Hipgnosis founder Merck Mercuriadis, who bought Young’s publishing, promises fans that there will never be a “Burger of Gold” fast food commercial

Neil Young Sells Catalog Rights to Merck Mercuriadis' HipgnosisNeil Young Sells Catalog Rights to Merck Mercuriadis' Hipgnosis


Neil Young has sold 50 percent of the worldwide copyright and income interests in his 1,180 song catalogue to Hipgnosis Songs Fund Limited, the U.K. investment firm founded by manager-turned-investor Merck Mercuriadis. The move comes days after Hipgnosis, which has spent the last year snapping up music catalogs left and right, announced it had acquired 100% of Lindsey Buckingham’s publishings rights as well as Jimmy Iovine’s producing royalties.

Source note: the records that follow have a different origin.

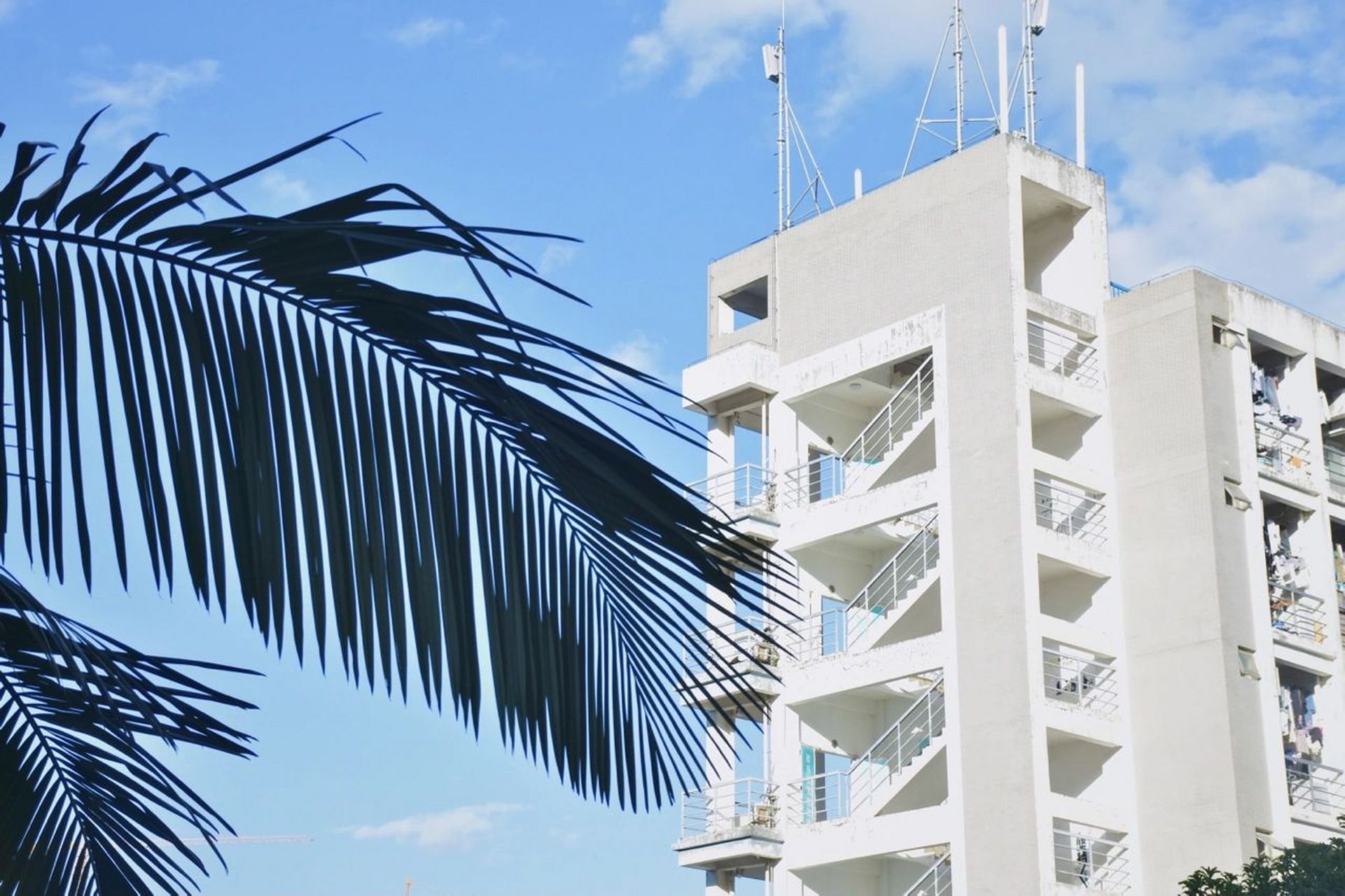 福建理工大学|校园风光 图片是旗山南校区的环境 摄于秋日午后 ———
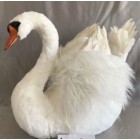 Лебед покрит с бели пера и кадифе, 49х30х40 см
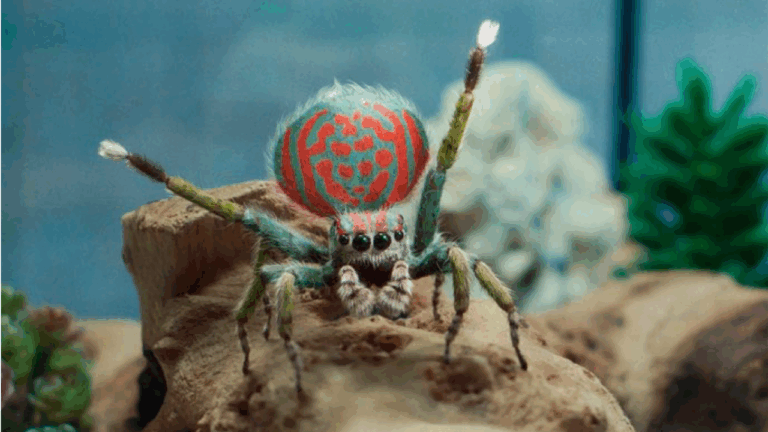 Nejnebezpěčnější dotyk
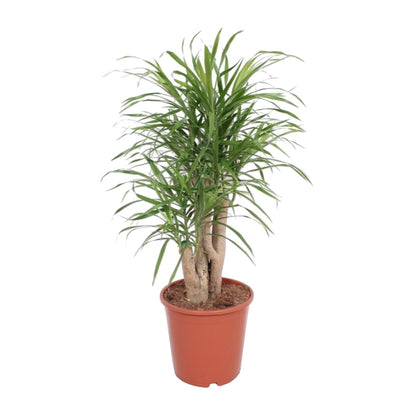 Dracaena Anita – Pflegeleichte exotische Zimmerpflanze Ø21cm
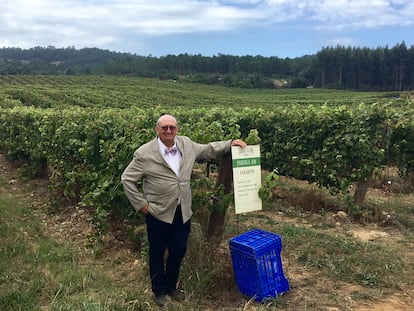 José María Fonseca, fundador y propietario de Terras Gauda, posa en sus viñedos en O Rosal, Pontevedra.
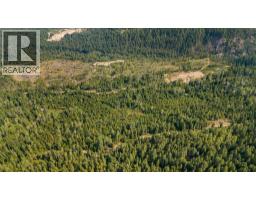 Lot 1 Elliot Forest Service Road, Lemon Creek, BC V0G2C0 Photo 14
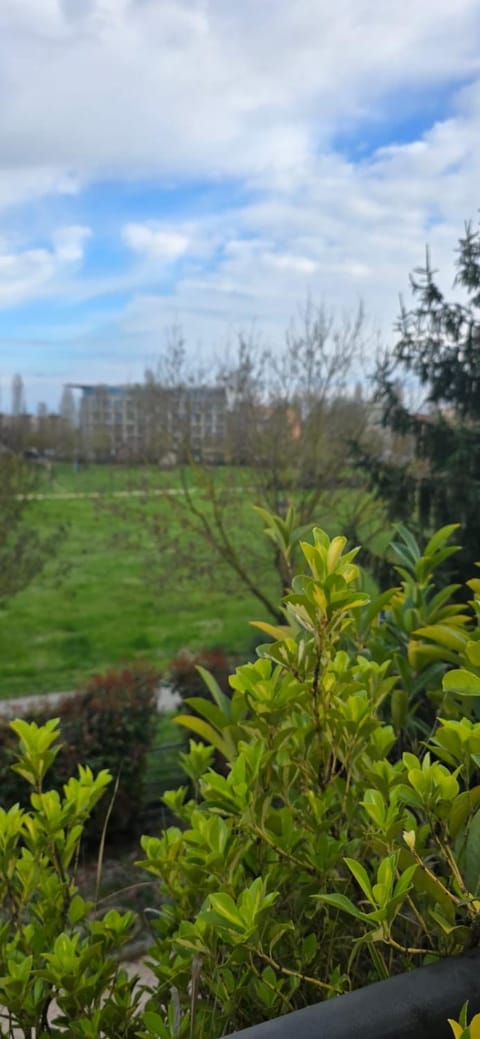 Stromboli Apartment Apartment in Ravenna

“I bought my first Neil Young album aged seven,” Mercuriadis said in a statement. “Harvest was my companion and I know every note, every word, every pause and silence intimately. Neil Young, or at least his music, has been my friend and constant ever since. Over the last 50 years that friendship took me back to Buffalo Springfield, Crosby, Stills, Nash & Young, Everybody Knows This Is Nowhere, After The Gold Rush, and guided me forward to On the Beach, Tonight’s the Night, Zuma, Comes a Time, Rust Never Sleeps, Trans, This Notes for You, Freedom, Ragged Glory, Greendale and through each successive album and on to last year’s Colorado.”

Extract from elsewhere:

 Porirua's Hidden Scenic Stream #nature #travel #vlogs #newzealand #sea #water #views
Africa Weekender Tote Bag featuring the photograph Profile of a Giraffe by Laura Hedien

Young has never licensed any of his songs for use in an advertisement. In the video for his 1988 comeback hit “This Note’s for You,” he viciously mocked artists like Michael Jackson, Whitney Houston and Eric Clapton that engaged in the practice. “Ain’t singin’ for Pepsi,” he sang. “Ain’t singin’ for Coke / I don’t sing for nobody/Makes me look like a joke.”

The exact terms of the deal with Hipgnosis were not laid out, but Mercuriadis states that iconic songs like “Heart of Gold” will not be used to sell fast food. “I built Hipgnosis to be a company Neil would want to be a part of,” he said. “We have a common integrity, ethos and passion born out of a belief in music and these important songs. There will never be a ‘Burger of Gold’ but we will work together to make sure everyone gets to hear them on Neil’s terms.”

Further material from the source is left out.